> **Your assignment**
Reproduce exactly the run of lines that begins with the one containing "Cappuccino with latte" and ends with the last line of the records, omitting pictures.

> **Material for the task**
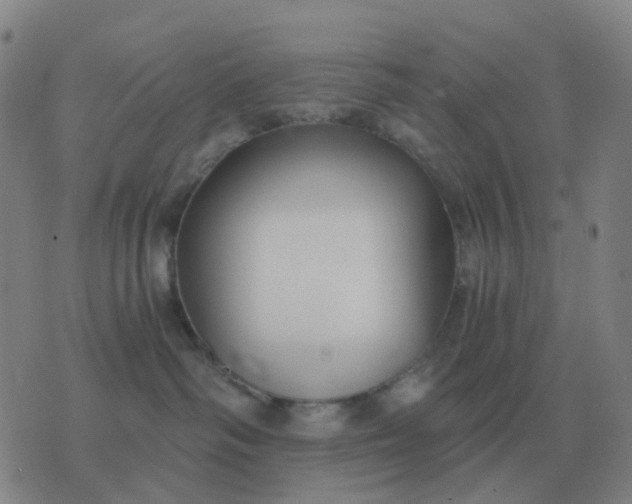 X0000076390334200610202110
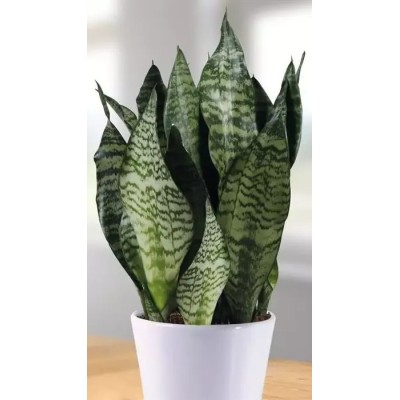Sansevieria Zeylanica Vaso 12 cm | Il Punto Verde Shop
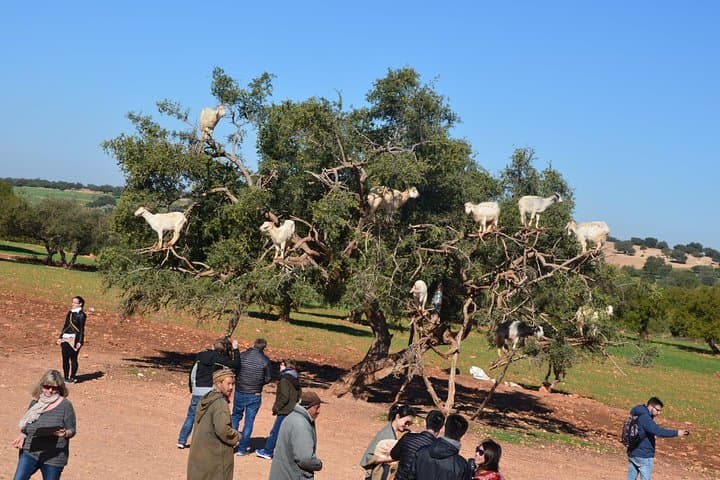 Essaouira Day Trip from Marrakech: Full-Day Coastal Excursion to Mogador photo 5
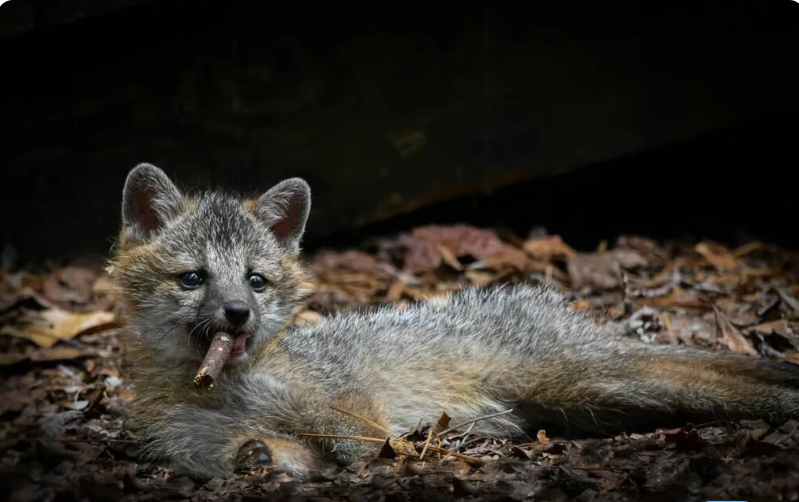 بهترین عکسهای کمدی حیات وحش در سال ۲۰۲۳ بهترین عکسهای کمدی حیات وحش در سال ۲۰۲۳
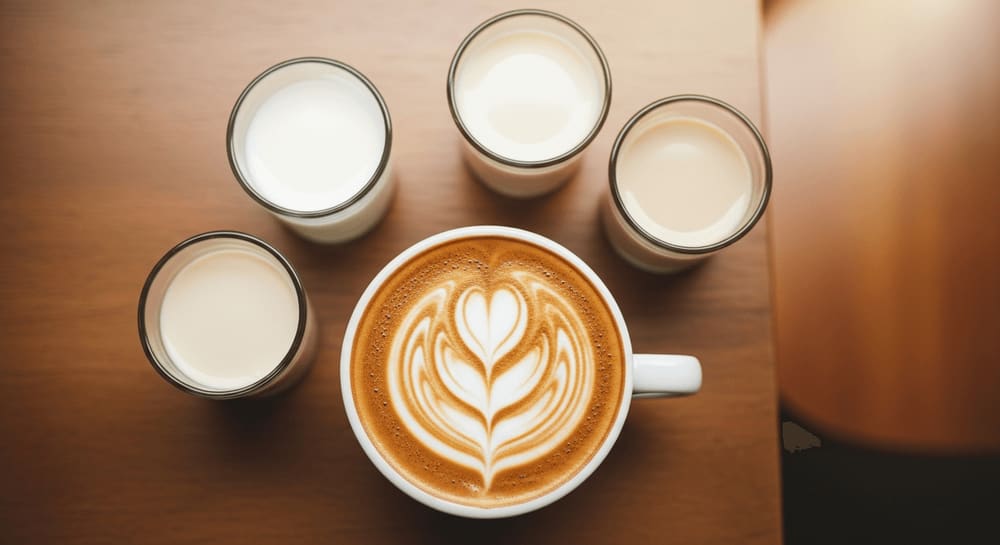 Cappuccino with latte art and milk variations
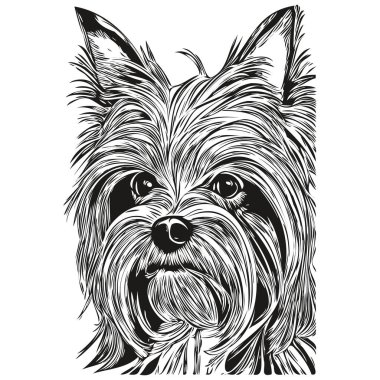 Yorkshire Terrier köpek hattı sanat el çizimi vektör logosu siyah ve beyaz evcil hayvan illüstrasyonu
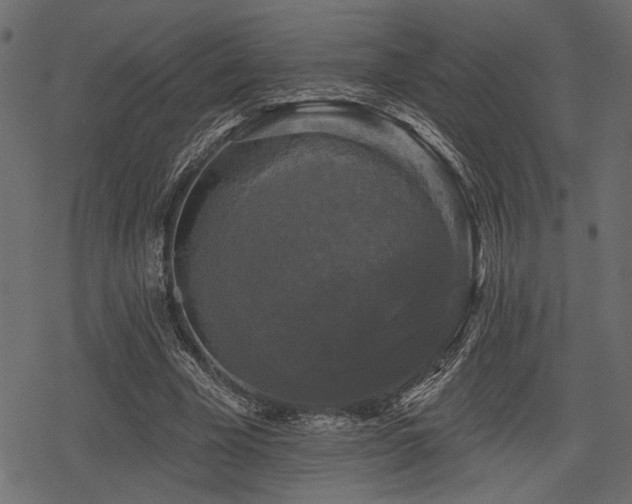 X0000078290585200611031234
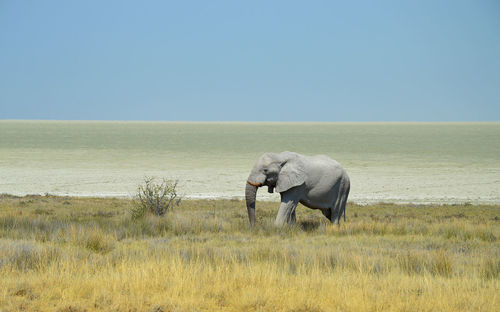 Elephant standing on grassy field by sea against clear sky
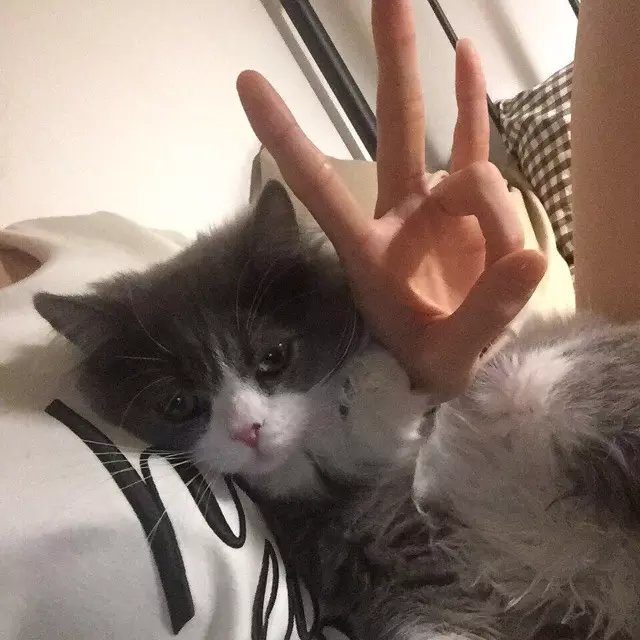 宋楠进翠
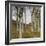 Birch Trees in Autumn, C.1898 (Oil on Wood)-Hans Am Ende-Framed Giclee Print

> **Response**
 Cappuccino with latte art and milk variations
 Yorkshire Terrier köpek hattı sanat el çizimi vektör logosu siyah ve beyaz evcil hayvan illüstrasyonu
 X0000078290585200611031234
 Elephant standing on grassy field by sea against clear sky
 宋楠进翠
 Birch Trees in Autumn, C.1898 (Oil on Wood)-Hans Am Ende-Framed Giclee Print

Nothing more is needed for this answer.